## How to complete this task
Beginning with the line that holds "Spiraea × bumalda", copy each line to the end of the records exactly, except the pictures.

## Dataset excerpts
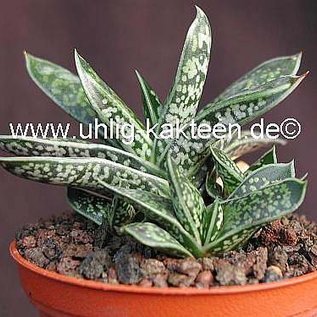 Gasteria liliputana-Hybr.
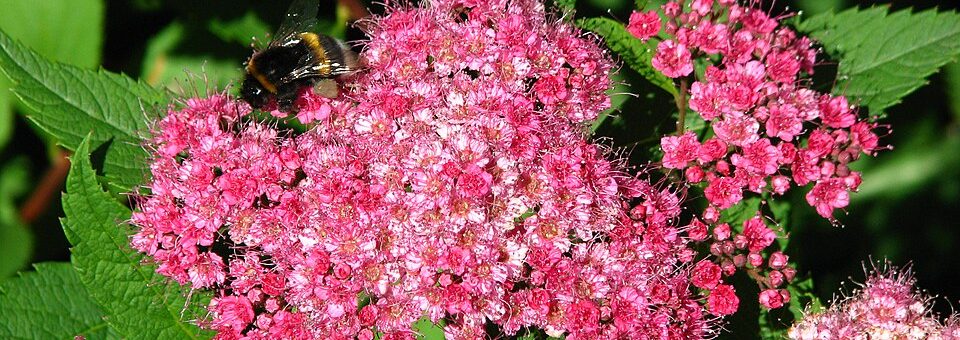 Spiraea × bumalda “Anthony Waterer”
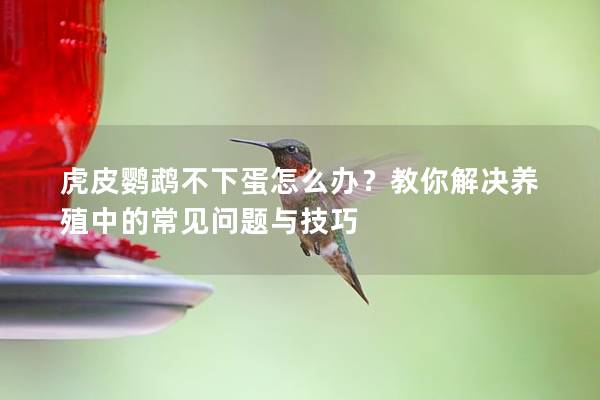 虎皮鹦鹉不下蛋怎么办？教你解决养殖中的常见问题与技巧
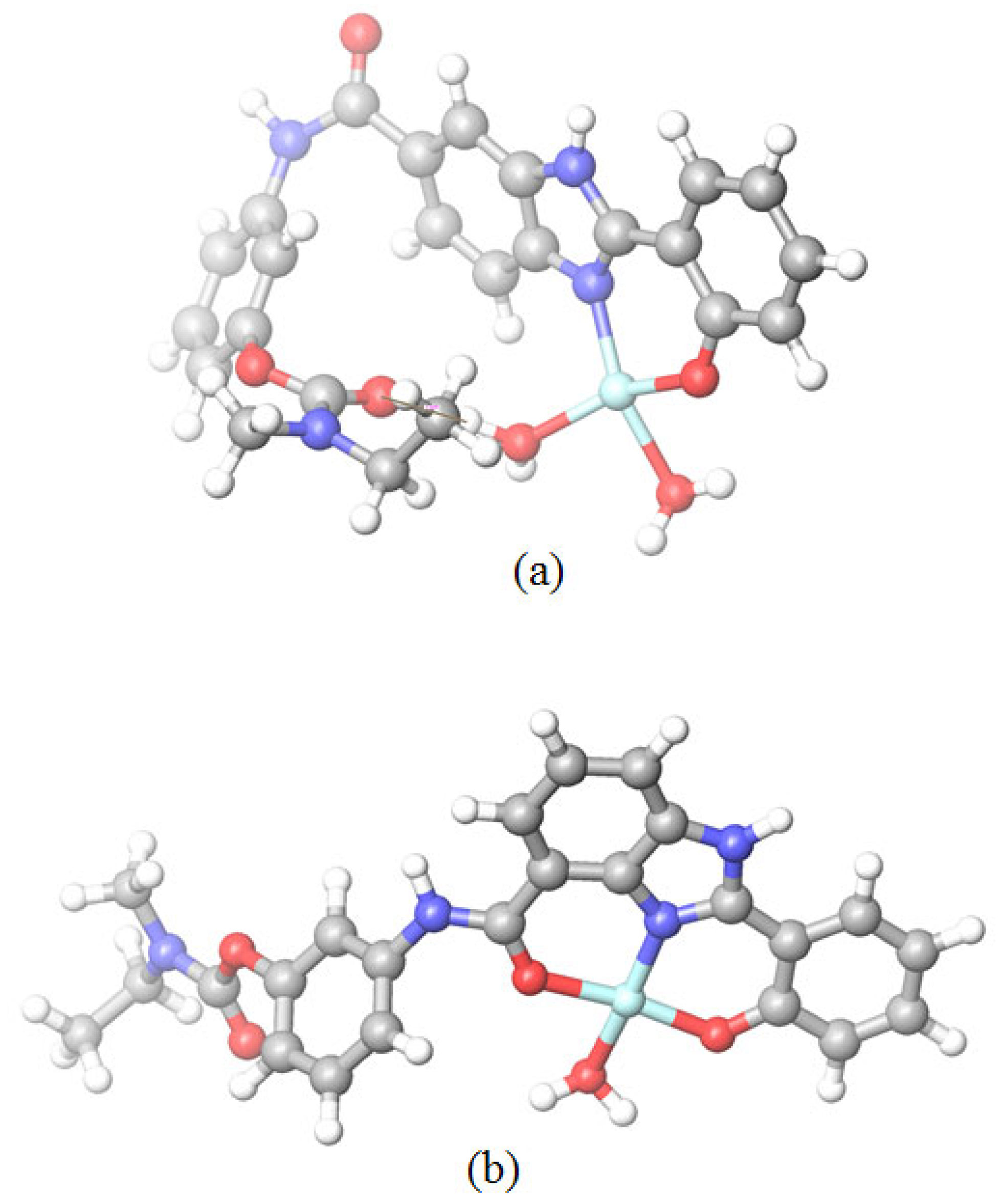 Ijms 24 08312 g006 Ijms 24 08312 g006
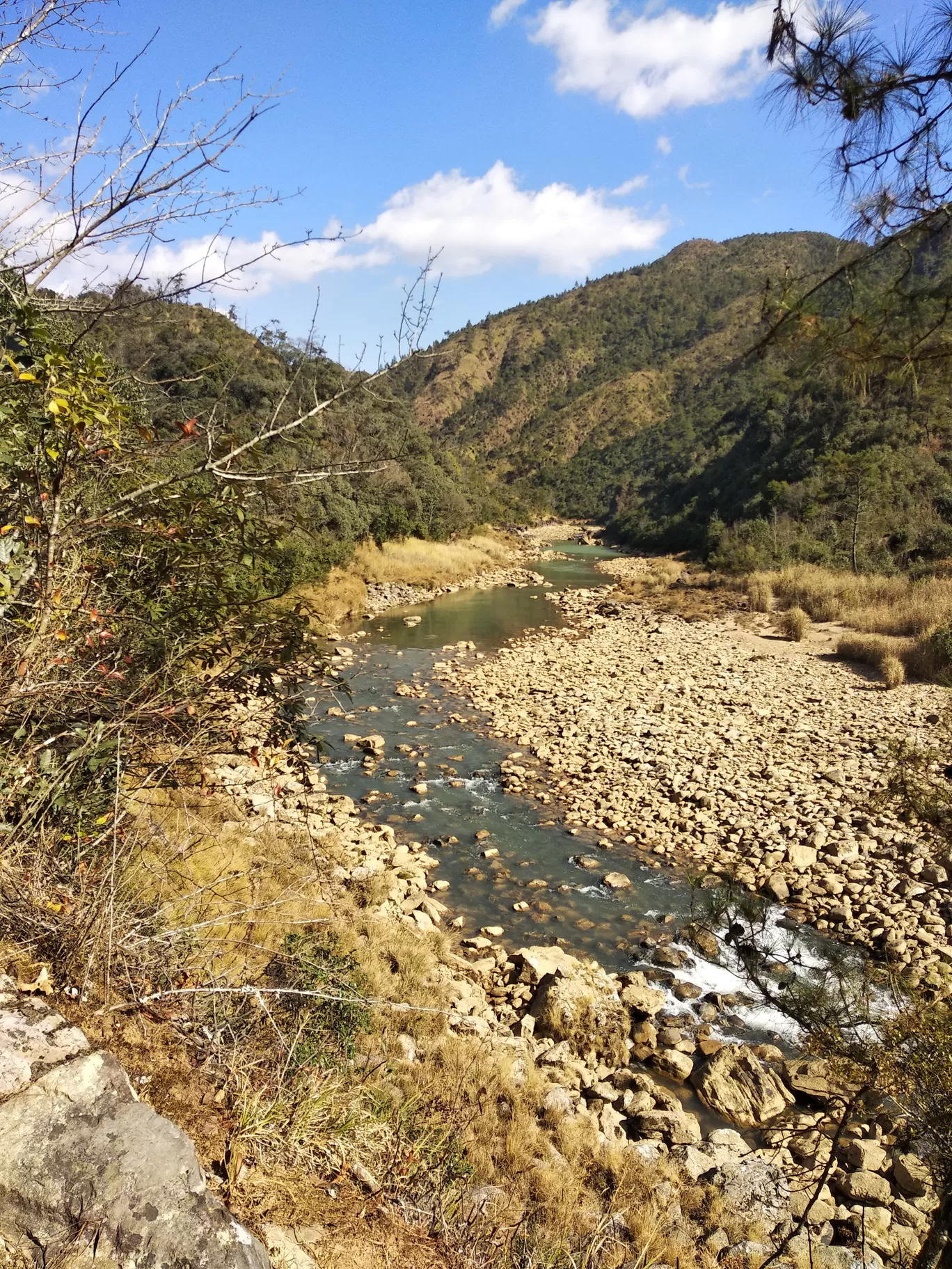 Photo of Mawphlang David Scott Trail(Guide contact number ).. By Madhumita Dutta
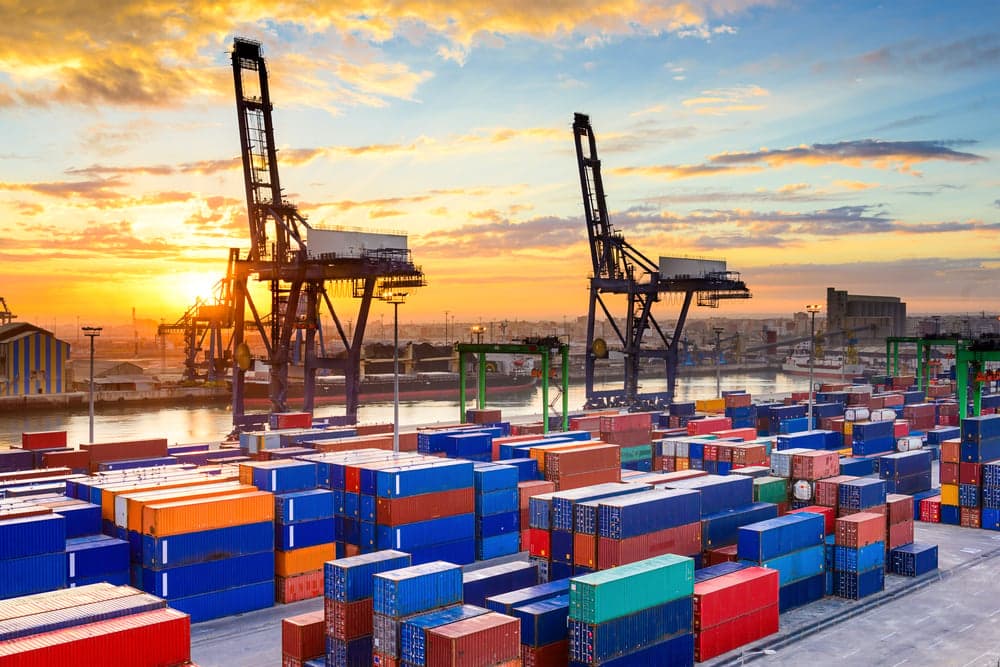 Direct Exporters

## Exercise output
 Spiraea × bumalda “Anthony Waterer”
 虎皮鹦鹉不下蛋怎么办？教你解决养殖中的常见问题与技巧
 Ijms 24 08312 g006 Ijms 24 08312 g006
 Photo of Mawphlang David Scott Trail(Guide contact number ).. By Madhumita Dutta
 Direct Exporters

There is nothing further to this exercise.